REQUIRED WORK: For this exercise, copy each line of the records that contains the word "First".

MATERIAL FOR THIS TASK:

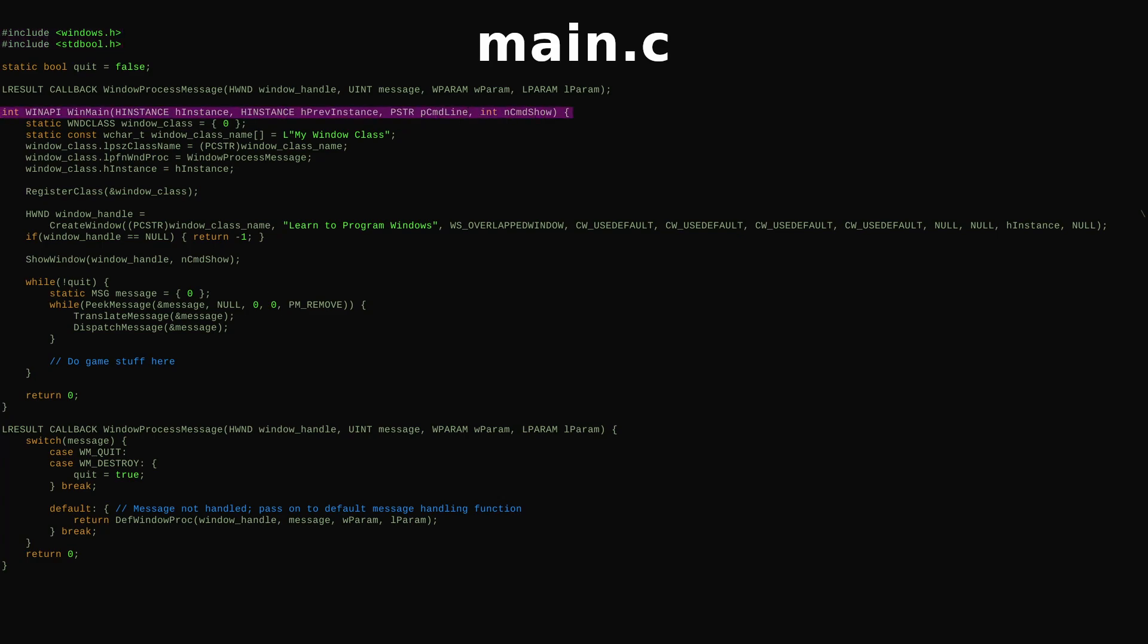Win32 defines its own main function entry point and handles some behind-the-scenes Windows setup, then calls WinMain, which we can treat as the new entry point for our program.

---

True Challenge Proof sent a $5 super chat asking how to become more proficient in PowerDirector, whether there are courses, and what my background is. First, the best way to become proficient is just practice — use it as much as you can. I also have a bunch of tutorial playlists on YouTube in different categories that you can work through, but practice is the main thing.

--

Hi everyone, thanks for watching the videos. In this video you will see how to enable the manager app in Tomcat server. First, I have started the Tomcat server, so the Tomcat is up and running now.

EXPECTED ANSWER:
True Challenge Proof sent a $5 super chat asking how to become more proficient in PowerDirector, whether there are courses, and what my background is. First, the best way to become proficient is just practice — use it as much as you can. I also have a bunch of tutorial playlists on YouTube in different categories that you can work through, but practice is the main thing.
Hi everyone, thanks for watching the videos. In this video you will see how to enable the manager app in Tomcat server. First, I have started the Tomcat server, so the Tomcat is up and running now.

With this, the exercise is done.